No mesmo tom, Ana Margarida Ramos explica que nenhum regime é perfeito. “Apesar de reconhecer que mesmo no regime atual existam decisões políticas e governamentais, que limitam a nossa qualidade de vida, também sei que o livre arbítrio de identidades e o cumprimento da Constituição são fundamentais, para à partida se cumprirem bases dos direitos humanos que a ditadura violava pela sua natureza.”

Jovens com opinião diferente sobre o hino nacional
Nos últimos anos, um dos temas que esteve em debate foi o próprio hino nacional, que muitos acham que assinala uma nuvem negra, marcada por violência por parte dos portugueses. E quem partilha dessa opinião, é precisamente Ana Margarida Ramos. “Apesar de não apoiar na totalidade o apagar histórico de um país, não consigo ter um agrado face ao hino nacional. É um hino que nos relembra a opressão colonialista portuguesa e requer o seu cuidado e enquadramento histórico do país.”

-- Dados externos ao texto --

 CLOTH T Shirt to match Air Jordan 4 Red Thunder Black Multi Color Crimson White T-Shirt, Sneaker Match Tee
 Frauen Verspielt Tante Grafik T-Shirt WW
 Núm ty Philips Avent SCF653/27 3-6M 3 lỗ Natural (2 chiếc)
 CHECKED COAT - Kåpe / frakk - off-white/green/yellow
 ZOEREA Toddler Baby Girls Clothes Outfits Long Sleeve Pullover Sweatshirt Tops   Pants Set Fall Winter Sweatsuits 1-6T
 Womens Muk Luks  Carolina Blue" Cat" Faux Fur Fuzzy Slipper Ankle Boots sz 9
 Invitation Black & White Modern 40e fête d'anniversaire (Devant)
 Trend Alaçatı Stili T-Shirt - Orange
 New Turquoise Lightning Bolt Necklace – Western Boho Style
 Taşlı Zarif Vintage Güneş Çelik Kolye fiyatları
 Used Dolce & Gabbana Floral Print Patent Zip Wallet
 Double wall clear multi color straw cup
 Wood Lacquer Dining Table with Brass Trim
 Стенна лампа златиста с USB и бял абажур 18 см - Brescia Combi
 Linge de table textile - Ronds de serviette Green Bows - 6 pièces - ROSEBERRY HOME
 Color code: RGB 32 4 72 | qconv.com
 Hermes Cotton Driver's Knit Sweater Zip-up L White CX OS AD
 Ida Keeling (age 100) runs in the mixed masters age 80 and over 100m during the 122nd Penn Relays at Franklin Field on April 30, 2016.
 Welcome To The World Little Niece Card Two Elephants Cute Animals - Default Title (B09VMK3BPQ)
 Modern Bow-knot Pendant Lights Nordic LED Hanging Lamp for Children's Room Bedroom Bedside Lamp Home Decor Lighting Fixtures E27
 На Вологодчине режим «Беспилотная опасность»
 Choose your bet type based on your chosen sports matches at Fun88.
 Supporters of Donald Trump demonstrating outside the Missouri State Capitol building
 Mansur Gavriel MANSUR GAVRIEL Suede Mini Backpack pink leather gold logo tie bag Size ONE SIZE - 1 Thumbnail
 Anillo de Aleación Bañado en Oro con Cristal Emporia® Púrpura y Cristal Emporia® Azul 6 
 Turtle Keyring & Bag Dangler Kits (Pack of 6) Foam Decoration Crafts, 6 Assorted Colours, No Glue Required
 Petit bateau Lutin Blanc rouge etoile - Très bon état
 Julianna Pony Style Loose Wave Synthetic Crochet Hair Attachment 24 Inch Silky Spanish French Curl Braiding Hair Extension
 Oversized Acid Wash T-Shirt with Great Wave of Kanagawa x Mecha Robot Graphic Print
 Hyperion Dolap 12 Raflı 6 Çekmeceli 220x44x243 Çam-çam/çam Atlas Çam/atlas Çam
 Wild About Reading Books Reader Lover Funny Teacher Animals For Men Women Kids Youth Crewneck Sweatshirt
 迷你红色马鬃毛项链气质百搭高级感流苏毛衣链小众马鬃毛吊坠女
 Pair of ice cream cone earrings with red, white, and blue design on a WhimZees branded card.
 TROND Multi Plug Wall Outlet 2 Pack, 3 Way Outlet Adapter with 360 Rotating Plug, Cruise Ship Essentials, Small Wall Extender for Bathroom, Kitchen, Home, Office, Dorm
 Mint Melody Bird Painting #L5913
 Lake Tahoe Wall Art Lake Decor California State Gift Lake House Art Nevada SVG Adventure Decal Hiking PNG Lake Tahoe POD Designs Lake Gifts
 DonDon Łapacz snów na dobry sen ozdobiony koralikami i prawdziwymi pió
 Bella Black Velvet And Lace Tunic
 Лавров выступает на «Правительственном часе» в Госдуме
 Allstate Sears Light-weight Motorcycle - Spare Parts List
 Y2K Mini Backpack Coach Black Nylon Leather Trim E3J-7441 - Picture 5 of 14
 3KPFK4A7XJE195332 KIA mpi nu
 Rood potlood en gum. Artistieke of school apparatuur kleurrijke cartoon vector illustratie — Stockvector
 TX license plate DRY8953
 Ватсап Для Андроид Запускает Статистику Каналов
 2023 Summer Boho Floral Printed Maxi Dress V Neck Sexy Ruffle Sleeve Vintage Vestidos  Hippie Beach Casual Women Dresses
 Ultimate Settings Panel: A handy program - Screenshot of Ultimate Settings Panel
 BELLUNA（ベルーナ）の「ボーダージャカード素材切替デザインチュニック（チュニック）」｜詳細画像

No entanto, Rúben Cabo considera essencial manter. “Como ex-militar, sei e acredito que todos os portugueses deveriam saber o que o Hino Nacional significa e que este vai muito além de uma simples música.” Na sua opinião “A Portuguesa” é um símbolo de identidade dos portugueses “enquanto nação, com história, soberania e fronteiras definidas.”
Quem concorda, é João Morgado – “É um dos símbolos mais fortes da identidade portuguesa”. “Vejo o hino como uma expressão de patriotismo saudável, que deve ser vivido com respeito, mas também com consciência crítica, enquadrando-o na história e nos valores que queremos projetar para o futuro”.
Já Tiago Jorge compreende os dois lados da moeda. “Sim, matámos e escravizámos muita gente e cometemos muitas injustiças. Mas antes de nós nunca ninguém tinha comprovado que a Terra era redonda, ou tinha colocado os continentes em contacto. Havia monstros no mar, e fomos nós que os matámos. Portanto, sim, fomos heróis do mar.”